• _Requirement_: Starting at the line that contains "SRH 友情創成 リユニオン(ホロ) 販売 | [IG15] アセンション・サマー", copy every line through the end of the listing below exactly, and copy nothing else.

......

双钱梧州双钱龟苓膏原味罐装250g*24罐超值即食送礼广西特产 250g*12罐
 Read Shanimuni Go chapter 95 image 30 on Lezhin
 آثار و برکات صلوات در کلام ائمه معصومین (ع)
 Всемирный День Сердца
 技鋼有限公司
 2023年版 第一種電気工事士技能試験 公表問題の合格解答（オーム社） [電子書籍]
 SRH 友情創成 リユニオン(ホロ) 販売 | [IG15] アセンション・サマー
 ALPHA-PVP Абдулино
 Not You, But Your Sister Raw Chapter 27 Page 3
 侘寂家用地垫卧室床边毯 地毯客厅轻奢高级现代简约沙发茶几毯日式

......

• _Output of the task_:
 SRH 友情創成 リユニオン(ホロ) 販売 | [IG15] アセンション・サマー
 ALPHA-PVP Абдулино
 Not You, But Your Sister Raw Chapter 27 Page 3
 侘寂家用地垫卧室床边毯 地毯客厅轻奢高级现代简约沙发茶几毯日式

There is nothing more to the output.